Aim of the exercise => Only the lines from the one containing "Used 2019 Nissan Pathfinder SV image 27" through the end of the data below should be copied, each exactly as written and with both ends kept.

━━ Raw data

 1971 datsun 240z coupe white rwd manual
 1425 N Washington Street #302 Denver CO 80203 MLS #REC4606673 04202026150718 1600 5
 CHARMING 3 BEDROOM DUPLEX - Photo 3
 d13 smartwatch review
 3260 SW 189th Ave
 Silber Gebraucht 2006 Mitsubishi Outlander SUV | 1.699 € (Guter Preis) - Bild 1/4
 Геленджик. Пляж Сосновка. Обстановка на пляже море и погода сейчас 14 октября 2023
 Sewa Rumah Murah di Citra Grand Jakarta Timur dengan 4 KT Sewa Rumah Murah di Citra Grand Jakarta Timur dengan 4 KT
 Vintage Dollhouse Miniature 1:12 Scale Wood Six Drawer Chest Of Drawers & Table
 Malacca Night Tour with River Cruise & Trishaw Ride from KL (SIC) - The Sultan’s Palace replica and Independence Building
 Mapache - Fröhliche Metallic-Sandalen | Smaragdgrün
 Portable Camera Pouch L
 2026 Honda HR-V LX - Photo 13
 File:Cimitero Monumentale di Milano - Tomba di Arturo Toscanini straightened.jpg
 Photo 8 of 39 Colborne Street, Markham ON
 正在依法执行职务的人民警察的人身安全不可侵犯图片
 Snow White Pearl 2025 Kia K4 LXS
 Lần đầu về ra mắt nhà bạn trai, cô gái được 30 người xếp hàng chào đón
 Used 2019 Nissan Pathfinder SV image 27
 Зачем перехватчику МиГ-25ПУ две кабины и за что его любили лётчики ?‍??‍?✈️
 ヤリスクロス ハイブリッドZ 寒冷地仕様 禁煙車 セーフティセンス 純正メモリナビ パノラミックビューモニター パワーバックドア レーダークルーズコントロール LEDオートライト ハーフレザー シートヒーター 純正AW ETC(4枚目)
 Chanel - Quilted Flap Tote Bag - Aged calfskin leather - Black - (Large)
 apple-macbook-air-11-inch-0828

━━━━

Answer for this exercise =>
 Used 2019 Nissan Pathfinder SV image 27
 Зачем перехватчику МиГ-25ПУ две кабины и за что его любили лётчики ?‍??‍?✈️
 ヤリスクロス ハイブリッドZ 寒冷地仕様 禁煙車 セーフティセンス 純正メモリナビ パノラミックビューモニター パワーバックドア レーダークルーズコントロール LEDオートライト ハーフレザー シートヒーター 純正AW ETC(4枚目)
 Chanel - Quilted Flap Tote Bag - Aged calfskin leather - Black - (Large)
 apple-macbook-air-11-inch-0828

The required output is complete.